S’élève alors, a contrario d’un sensible au-delà de cordes incisives en diable, la confuse fanfare du premier Scherzo qui gagne un relief plus mafflu. Daniele Gatti favorise la vigueur, laissant volontairement l’élégance à des conceptions moins urgentes. Nauséeux, le Purgatorio surgit d’une imblocation secrète, et s’affirme vite dans une tonicité des plus délirantes, pourtant sabrée en plein vol par un second Scherzo qu’érige un formidable élan où se tressent des îlots chambristes d’une singularité folle (tendresse fragile du duo d’altos), noyure indispensable à l’articulation de la pensée musicale.

Né des coups bruts, mates, de timbales, le Finale est bien un final, aucun doute.

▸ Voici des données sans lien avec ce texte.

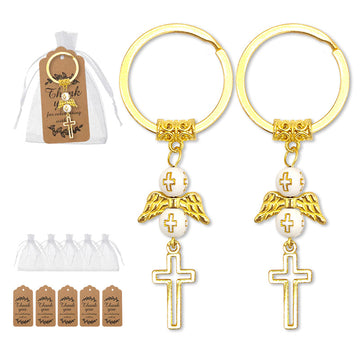 Gold Guardian Angel Cross White Bead Charm Keychain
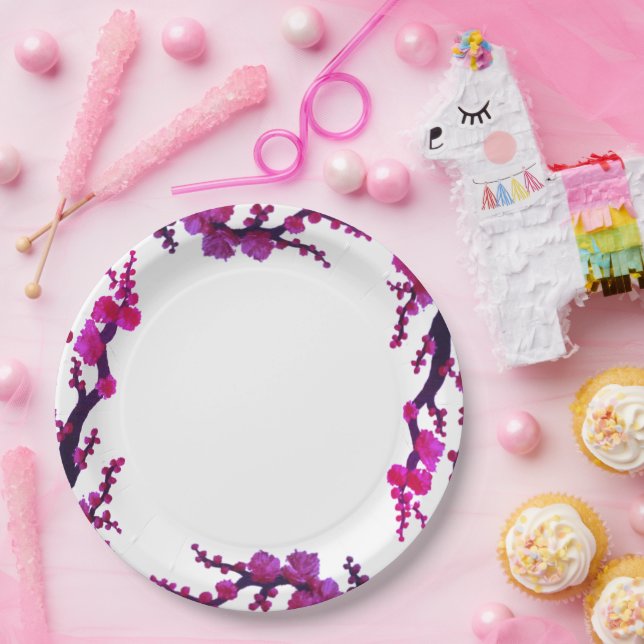Prato De Papel Fuchsia Sakura Brilha Papel de Pintura (Festa)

Que disions-nous tantôt de l’Adagio ? n’excluons pas que Mahler « finisse » deux fois sa dernière symphonie… Celui-ci procède manifestement de ces Abschied communs à plusieurs de ses opus, dont la tension étire l’émotion jusqu’à l’impossible – « Ewig… ». Cette lumière-là, legs subtil de la mélodie de flûte, se fige sur une longue pédale de cordes, en hésitation, façonnant une parenté avec Dvořák. Encore faut-il résister, n’abandonner point si tôt le lyrisme à travers des échanges vifs, réalisés avec infiniment d’esprit et de soin. Le fougueux scherzando s’englue dans les tragiques amalgames à constituer plus avant le climax du premier mouvement – eh oui, commencement ou fin. Les timbres se gèlent dans des demi-teintes un rien langoureuses, agonisant dans des décolorations inouïes,magnifiées par l’ultime élan des cordes, douloureux : définitif.

BB

Les musiciens de l’Orchestre national de France et Daniele Gatti rejoueront cette Dixième le 11 décembre à Ljubljana et à Turin le lendemain. Quant à vous, si vous n’y étiez pas, n’oubliez pas d’écouter la retransmission de ce concert, le 13 (France Musique, 20h).